Task prompt — The entries that follow include a run beginning at the line with "Lord Mahavir Marble Statue" and ending at the line with "曾庆福徐杨草书个性签名怎么写"; restate that run word for word and leave the rest out.

Information supplied —
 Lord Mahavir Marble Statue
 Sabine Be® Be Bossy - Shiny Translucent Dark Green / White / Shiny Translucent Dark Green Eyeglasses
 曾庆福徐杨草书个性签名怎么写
--
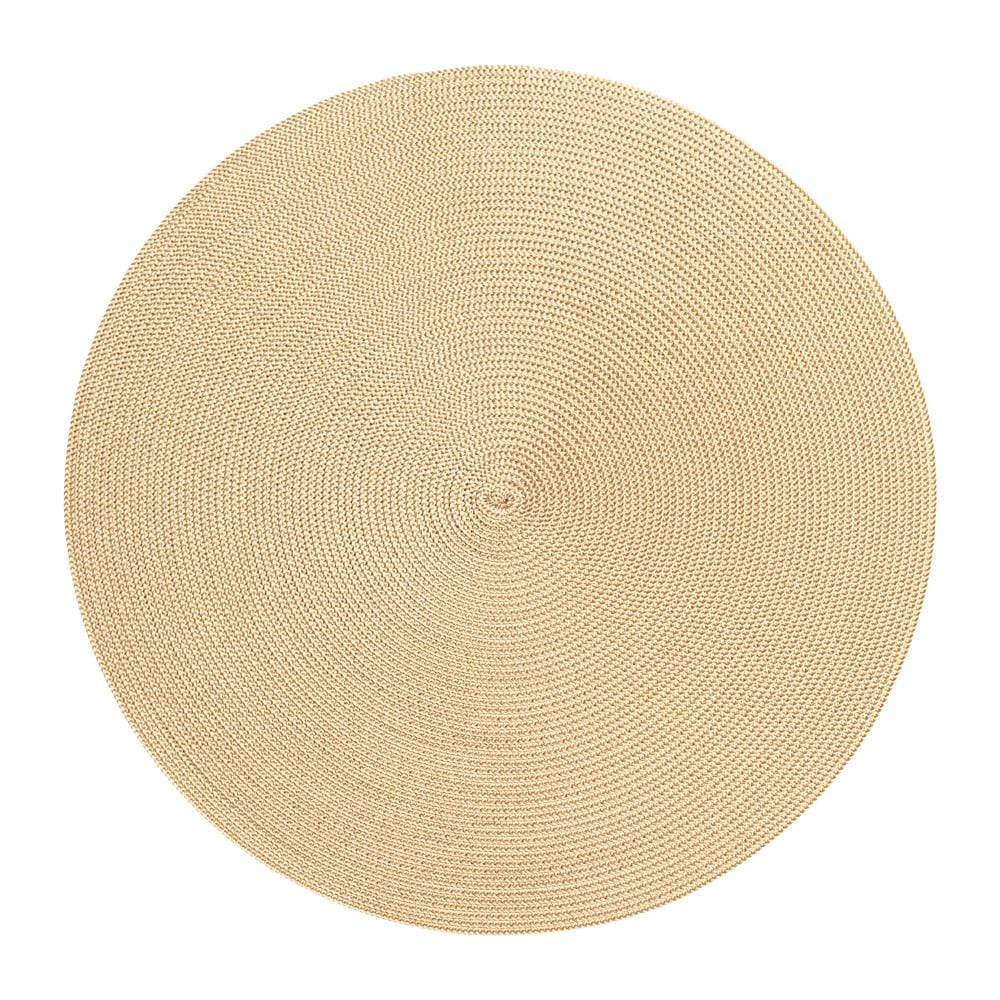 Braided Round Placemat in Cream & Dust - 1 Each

Your response —
 Lord Mahavir Marble Statue
 Sabine Be® Be Bossy - Shiny Translucent Dark Green / White / Shiny Translucent Dark Green Eyeglasses
 曾庆福徐杨草书个性签名怎么写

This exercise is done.